Problem to solve:
Transcribe exactly, leaving out pictures, the lines from the one that holds "Curious Cats - Cat" through the end of the data below, including both end lines and no others.

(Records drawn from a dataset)
================
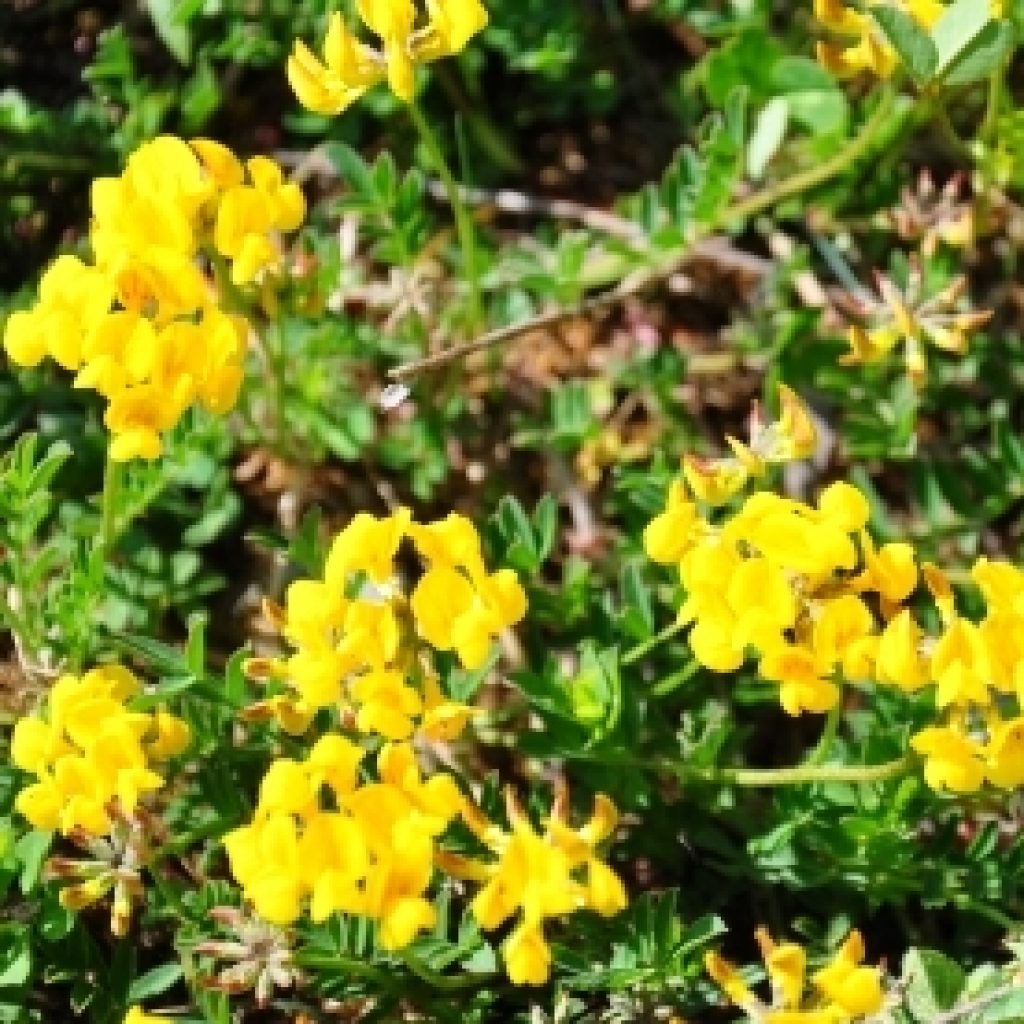 Birdsfoot Trefoil Seeds 6685 OSC Seeds
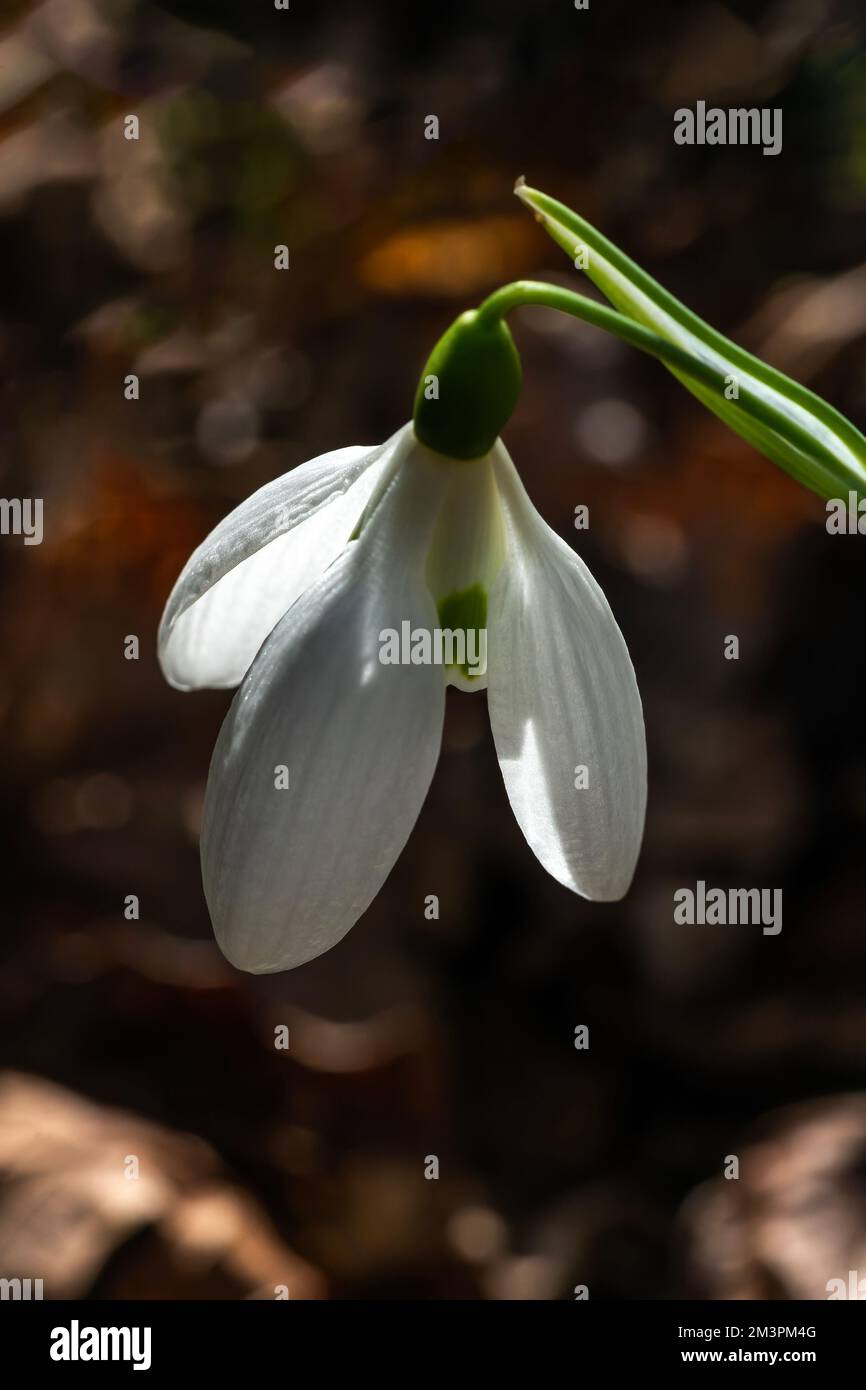 Snowdrop galanthus elwesii var monostictus (Greater Snowdrop) an early winter spring flowering  bulbous plant with a white springtime flower which ope Stock Photo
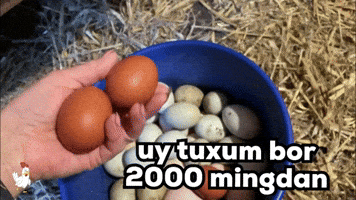 Beda Press GIF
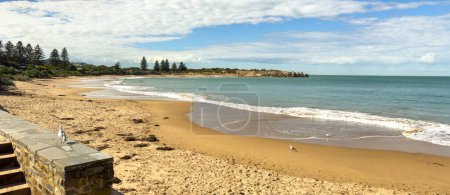 Téléchargez les photos : Mouettes sur la plage de Horseshoe Bay, Port Elliot, Australie du Sud - en image libre de droit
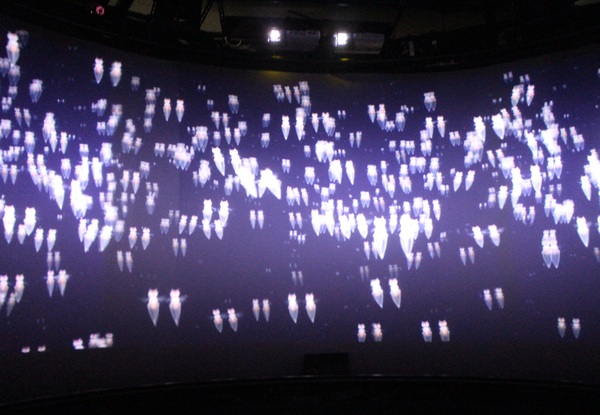 �X�C�W�]���I�z�[�c�N�^���[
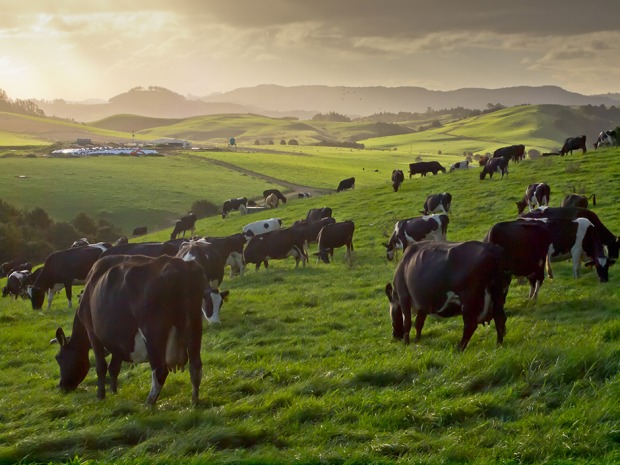 Kühe weihen in Flock Hill | Credit: iStock.com/CreativeNature_nl
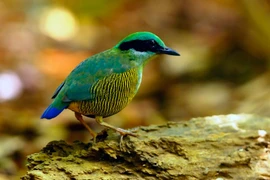 Loạt ảnh cực đẹp về chim rừng Việt Nam của Tăng A Pẩu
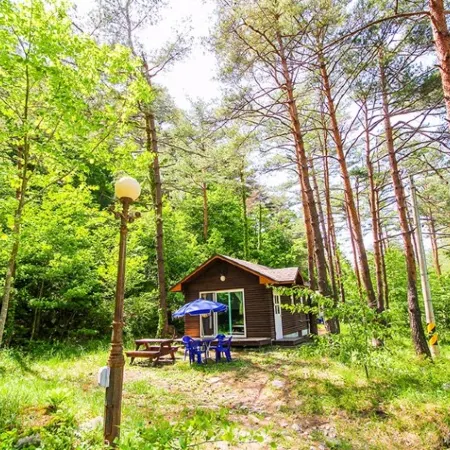 Forest House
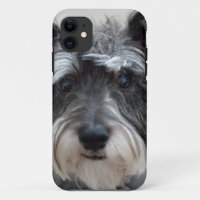 Perro Schnauzer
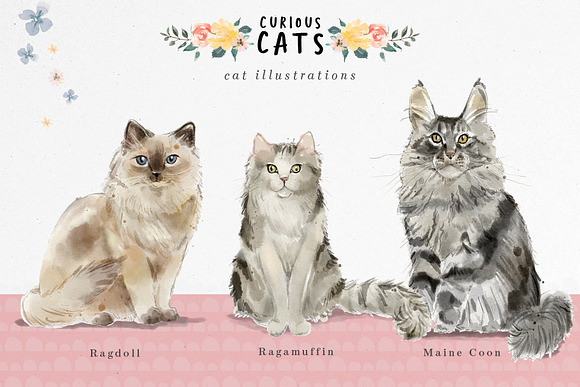 Curious Cats - Cat illustrations in Illustrations - product preview 4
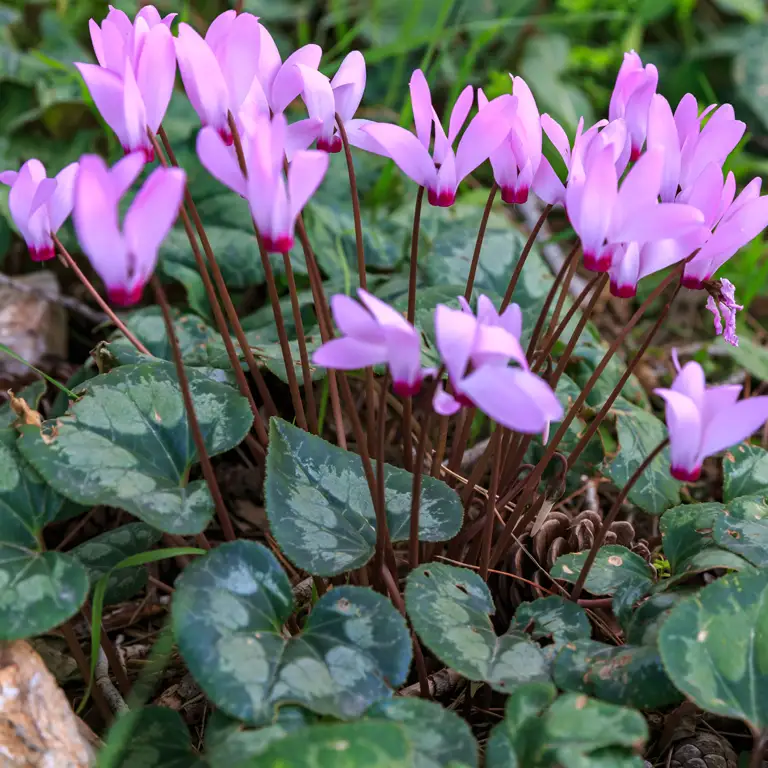 Fleurs de cyclamens en novembre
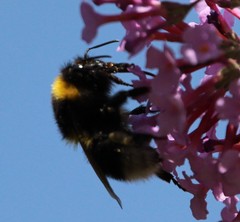 Bombus ruderatus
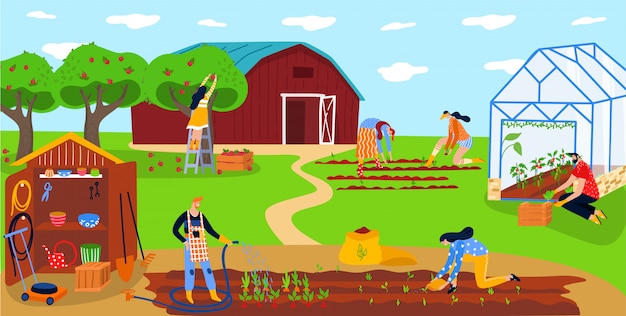 Gli agricoltori che piantano le verdure, la gente felice lavorano insieme sull'azienda agricola locale di eco, illustrazione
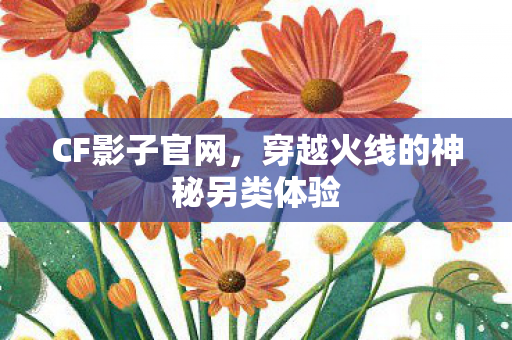 CF影子官网,穿越火线的神秘另类体验 CF影子官网,穿越火线的神秘另类体验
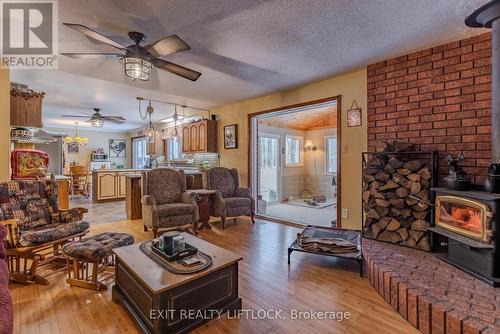 178 Adam & Eve Road, Trent Lakes, ON - Indoor Photo Showing Living Room With Fireplace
================
Task result:
 Curious Cats - Cat illustrations in Illustrations - product preview 4
 Fleurs de cyclamens en novembre
 Bombus ruderatus
 Gli agricoltori che piantano le verdure, la gente felice lavorano insieme sull'azienda agricola locale di eco, illustrazione
 CF影子官网,穿越火线的神秘另类体验 CF影子官网,穿越火线的神秘另类体验
 178 Adam & Eve Road, Trent Lakes, ON - Indoor Photo Showing Living Room With Fireplace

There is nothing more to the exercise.